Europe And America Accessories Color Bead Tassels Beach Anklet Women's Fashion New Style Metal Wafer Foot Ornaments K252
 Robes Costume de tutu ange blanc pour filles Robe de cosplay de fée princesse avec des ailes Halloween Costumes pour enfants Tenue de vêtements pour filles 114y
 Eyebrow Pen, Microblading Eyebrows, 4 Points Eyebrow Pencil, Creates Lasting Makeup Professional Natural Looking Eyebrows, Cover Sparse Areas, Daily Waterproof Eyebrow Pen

## Instructions to follow
The expected response is the material above given again line by line, from its first line to the line holding "Robes Costume de", inclusive.

## Result of this task
Europe And America Accessories Color Bead Tassels Beach Anklet Women's Fashion New Style Metal Wafer Foot Ornaments K252
 Robes Costume de tutu ange blanc pour filles Robe de cosplay de fée princesse avec des ailes Halloween Costumes pour enfants Tenue de vêtements pour filles 114y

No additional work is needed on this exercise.